== What to produce ==
Your task is to transcribe the lines from the start of the data below through the line containing "Pāris sēž pludmalē, skatoties", inclusive, exactly as they stand and without the pictures.

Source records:
:::
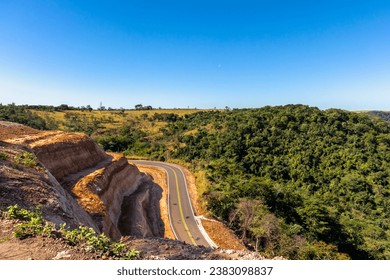 Curve of the road in Serra de Avencas, with the sandstone wall on one side and the vegetation on the other side in the interior of the state of São Paulo, Brazil. - Shutterstock ID 2383098837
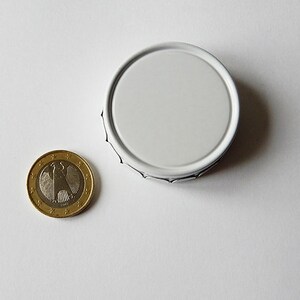 May include: A white metal lid with a slightly raised edge. The lid is round and has a smooth surface.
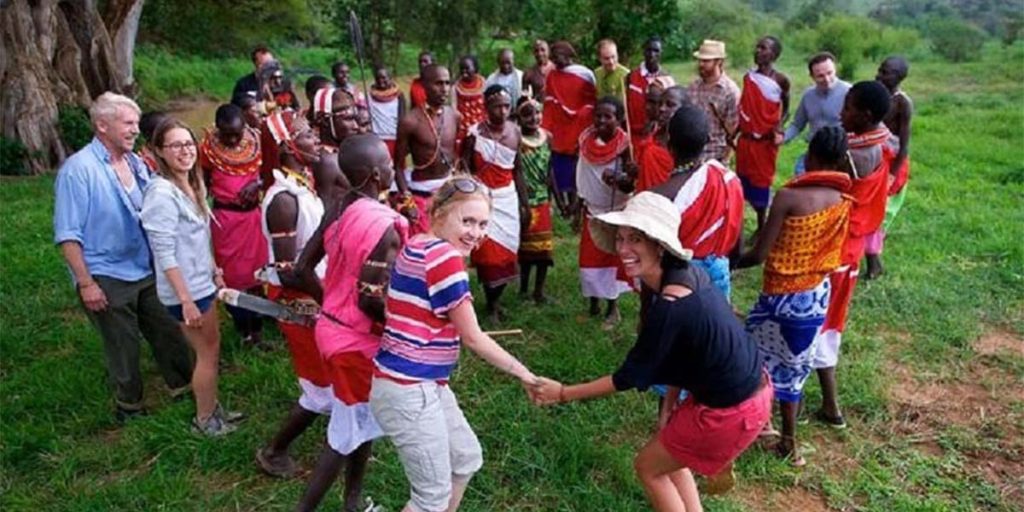 A number Kenyans having some good time with tourists SRC: @Discover Walks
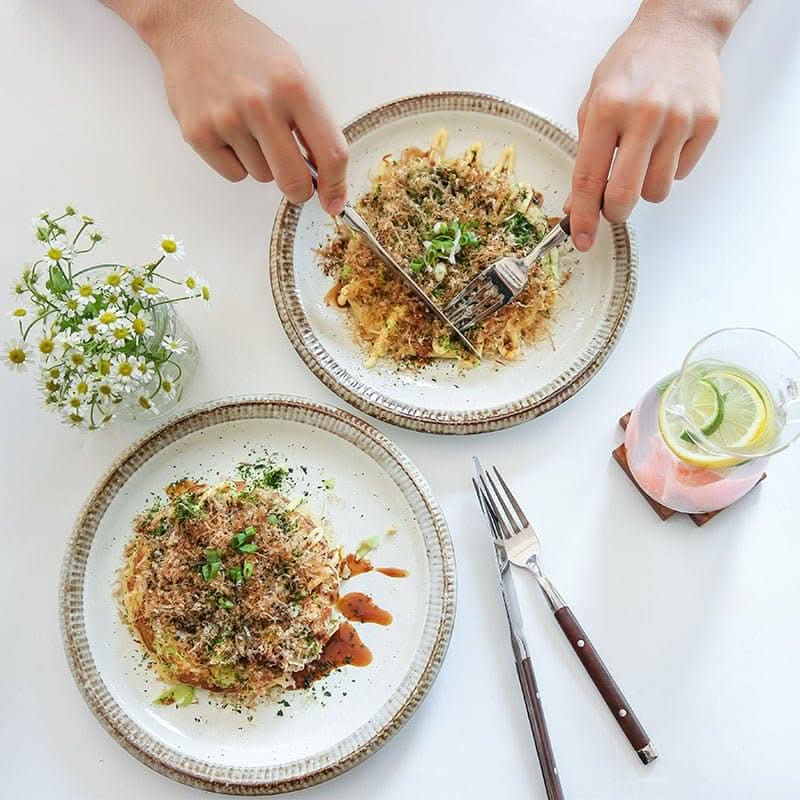Japanese Tableware Handmade Set: Two ceramic plates with food, cutlery, & flowers.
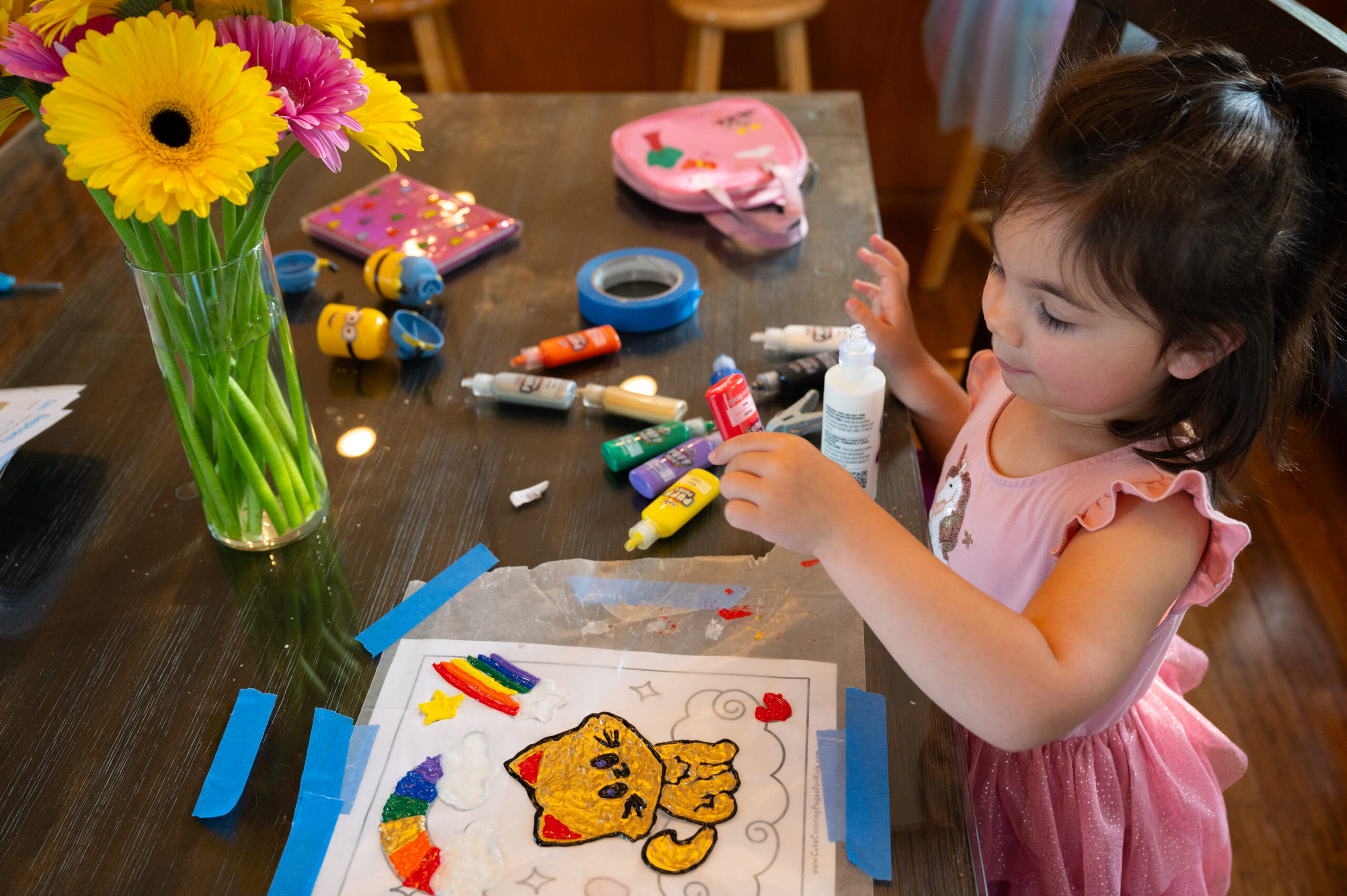 A girl sits at the dining room table and paints a picture.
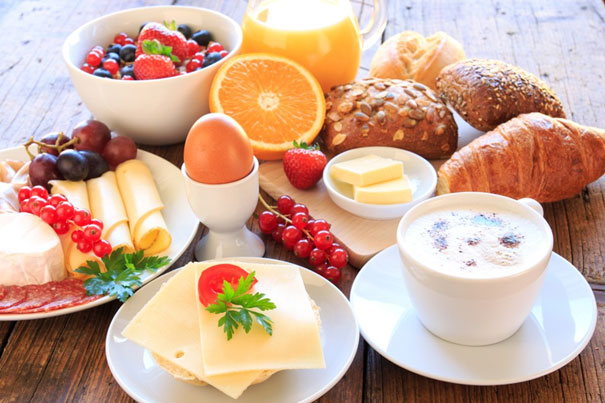 Einladung zum Wirtschaftsfrühstück - Beispielbild mit Cappuccino, Brötchen, Croissant, Ei, Butter, Käse und Obst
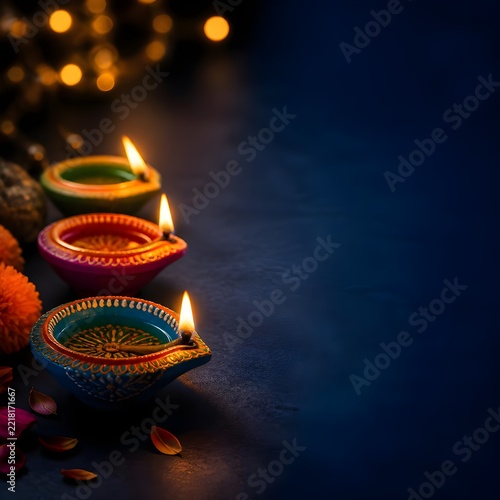Traditional Diwali diya lamps glowing with marigold flowers on dark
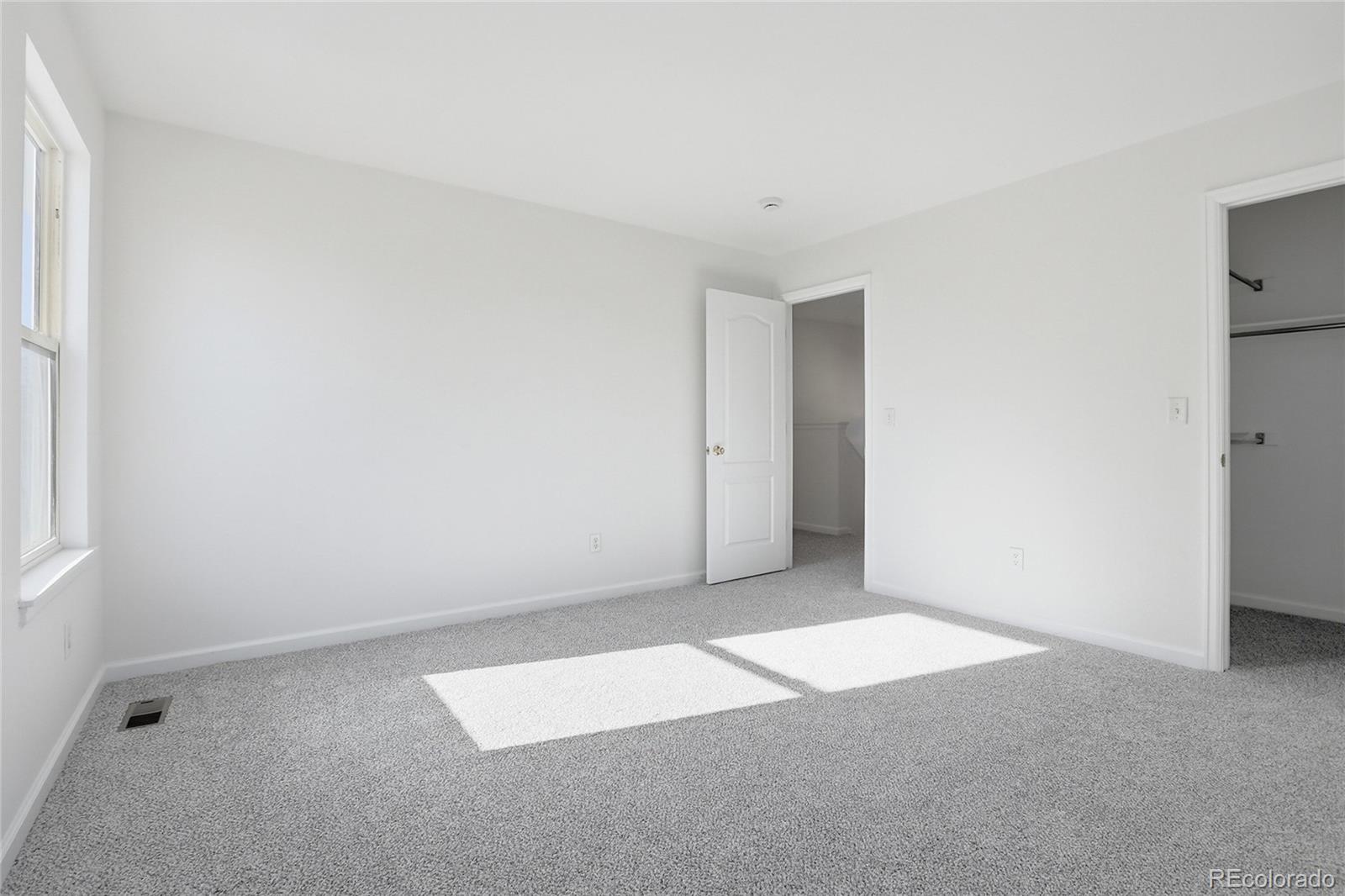 3736 South Inca Street Englewood, CO 80110 - Photo 21 of 31 an empty room with an entryway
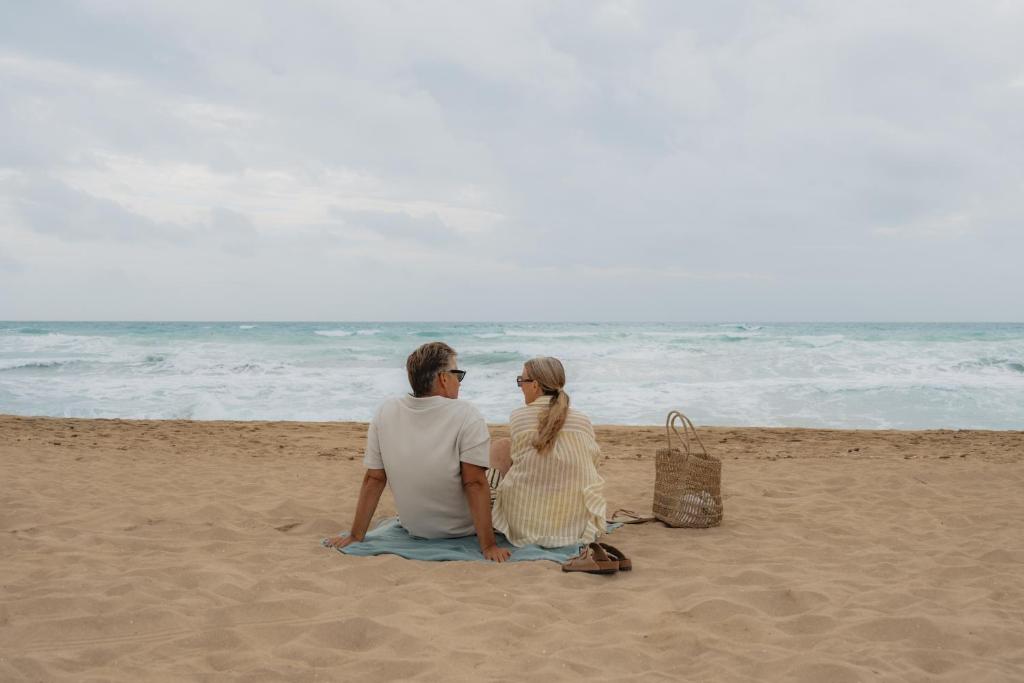 Pāris sēž pludmalē, skatoties uz viļņiem. Apkārt ir smilšaina pludmale un pelēkas debesis.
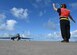 Photo of crew chief marshaling aircraft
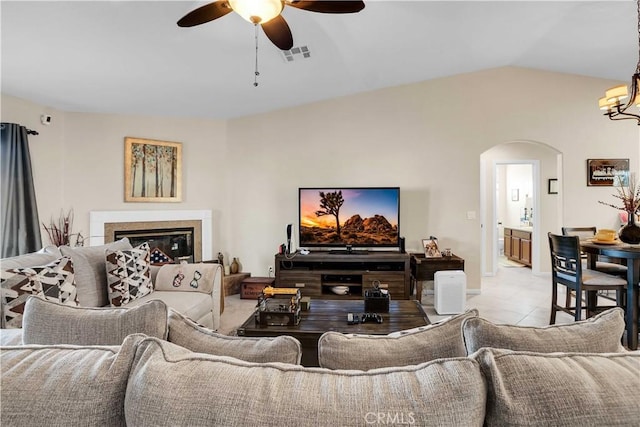 tiled living room featuring ceiling fan with notable chandelier and vaulted ceiling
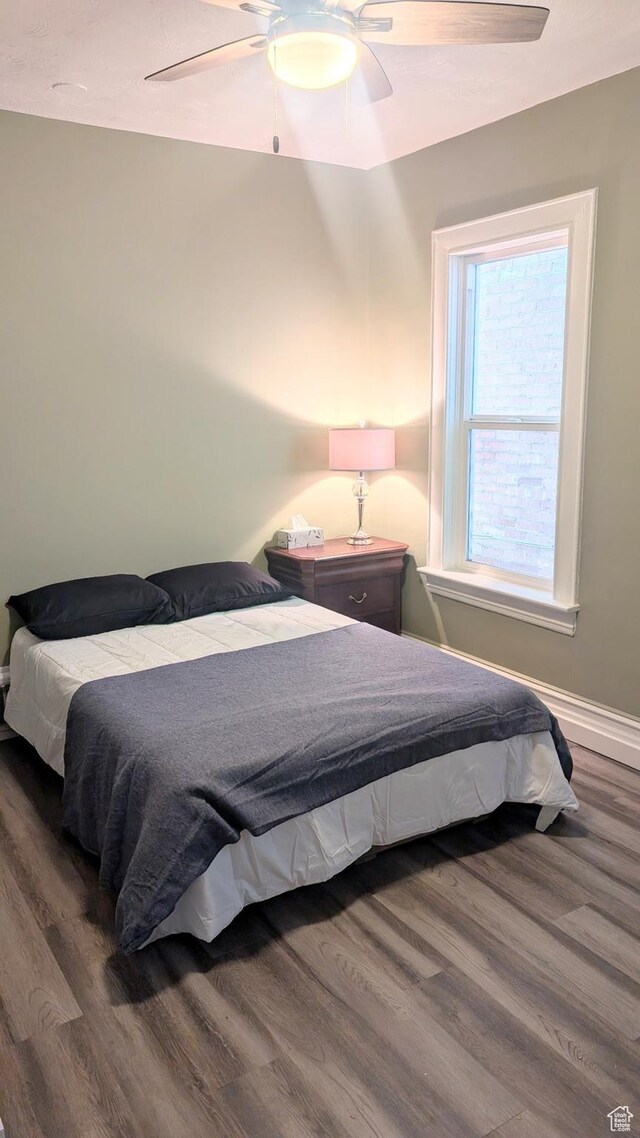 327 E Coatsville Ave S, Salt Lake City, UT 84115 - bedroom with wood finished floors, baseboards, and ceiling fan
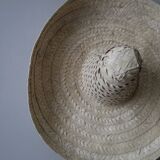 Hand-woven wicker straw hat, ethnic decoration object, sombrero, handmade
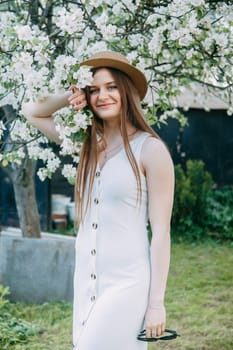 Beautiful young girl in white dress and hat in blooming Apple orchard. Blooming Apple trees with white flowers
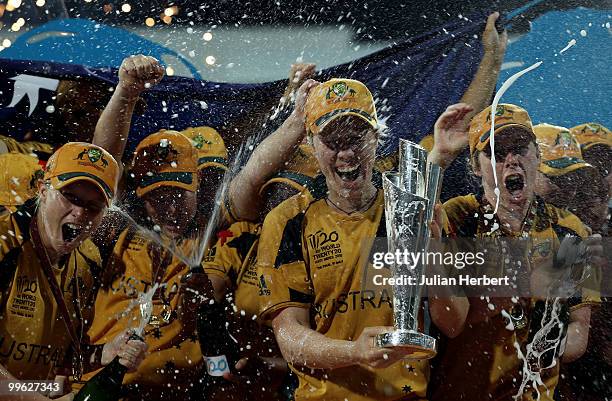 Alex Blackwell, the captain of Australia, is showered with champagne after her teams victory in the ICC Womens World Twenty20 Final between Australia...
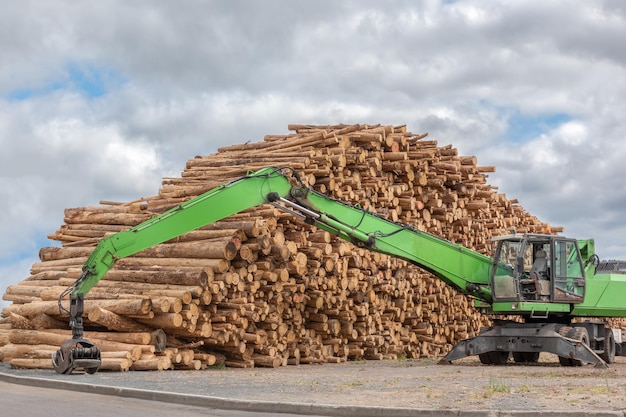 Foto máquina verde para transporte de toras e pilhas de árvores derrubadas para a indústria madeireira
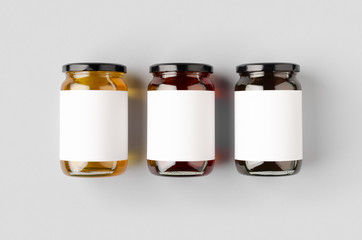 Honey jars mockup with blank label. Three different colors.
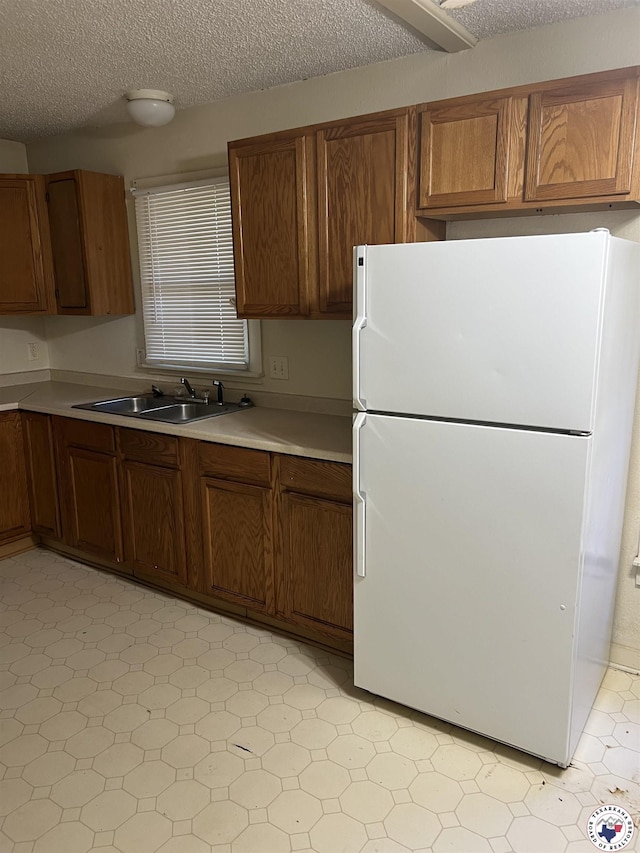319 Crestview Rd, Texarkana, TX 75501 - kitchen featuring freestanding refrigerator, a sink, light countertops, brown cabinets, and a textured ceiling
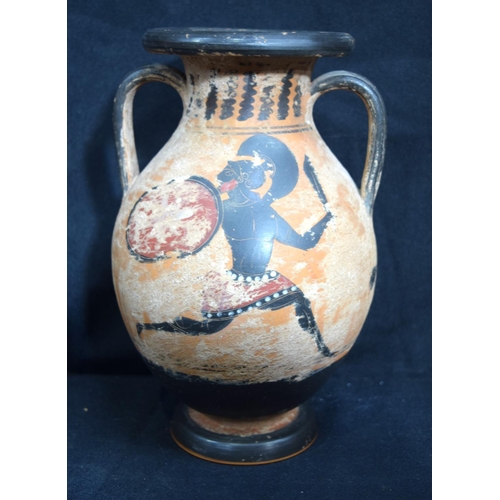 3224 - A  Roman style Terracotta twin handled vase.  24cm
:::
== Solved problem ==
 Curve of the road in Serra de Avencas, with the sandstone wall on one side and the vegetation on the other side in the interior of the state of São Paulo, Brazil. - Shutterstock ID 2383098837
 May include: A white metal lid with a slightly raised edge. The lid is round and has a smooth surface.
 A number Kenyans having some good time with tourists SRC: @Discover Walks
Japanese Tableware Handmade Set: Two ceramic plates with food, cutlery, & flowers.
 A girl sits at the dining room table and paints a picture.
 Einladung zum Wirtschaftsfrühstück - Beispielbild mit Cappuccino, Brötchen, Croissant, Ei, Butter, Käse und Obst
Traditional Diwali diya lamps glowing with marigold flowers on dark
 3736 South Inca Street Englewood, CO 80110 - Photo 21 of 31 an empty room with an entryway
 Pāris sēž pludmalē, skatoties uz viļņiem. Apkārt ir smilšaina pludmale un pelēkas debesis.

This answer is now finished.